On 6/14/2011 7:08 PM, wrote:
On Tue, 14 Jun 2011 14:09:30 -0700 (PDT), Shall not be infringed
wrote:

Far left-winger.

Eugene Robinson: Is Obama's race the reason he's faced so much invective?
Published Tuesday, Nov. 02, 2010

The first African American president takes office, and almost immediately
we see the birth of a big, passionate national movement – overwhelmingly
white and lavishly funded – that tries its best to delegitimize that
president, seeks to thwart his every initiative, and brings the
discredited and moribund opposition party roaring back to life.
Coincidence?

Not a chance. But also not that simple.

First, I'll state the obvious: It's not racist to criticize President
Barack Obama, it's not racist to have conservative views, and it's not
racist to join the tea party. But there's something about the nature and
tone of the most vitriolic attacks on the president that I believe is
distinctive – and difficult to explain without asking whether race is
playing a role.

One thing that struck me from the beginning about the tea party rhetoric
is the idea of reclaiming something that has been taken away.

At a recent campaign rally in Paducah, Ky., Senate candidate Rand Paul, a
darling of the tea party movement, drew thunderous applause when he said
that if Republicans win, "we get to go to Washington and take back our
government."

Take it back from whom? Maybe he thinks it goes without saying, because
he didn't say.

On Sunday, in a last-minute fundraising appeal, Republican presidential
hopeful Mike Huckabee implored his supporters to help "return American
government to the American people."

Again, who's in possession of the government right now, if not the
American people? The non-American people? The un-American people?

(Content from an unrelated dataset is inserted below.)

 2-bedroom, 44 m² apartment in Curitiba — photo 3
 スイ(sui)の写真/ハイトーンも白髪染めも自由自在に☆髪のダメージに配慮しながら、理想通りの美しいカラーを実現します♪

There's an obvious answer, but it's one that generally comes from the
progressive end of the political spectrum: Americans must fight to take
back their government from the lobbyists and big-money special interests
that shape our laws to suit their own interests, not for the good of the
nation.

That may be what some tea partiers have in mind, but the movement hasn't
seen fit to make campaign finance reform one of its major issues. And the
establishment Republicans who are surfing the tea party wave – while at
the same time scheming to co-opt the movement – would view the idea of
taking money out of politics with horror, if they thought it might
actually happen.

So who stole the government? What makes some people feel more
disenfranchised now than they were, say, during the presidency of George
W. Bush?

After all, it was Bush who inherited a budget surplus and left behind a
suffocating deficit – I'm not being tendentious, just stating the facts.
It was Bush who launched two wars without making any provision in the
budget to pay for them, who proposed and won an expensive new
prescription-drug entitlement without paying for it, who bailed out
irresponsible Wall Street firms with the $700 billion TARP program.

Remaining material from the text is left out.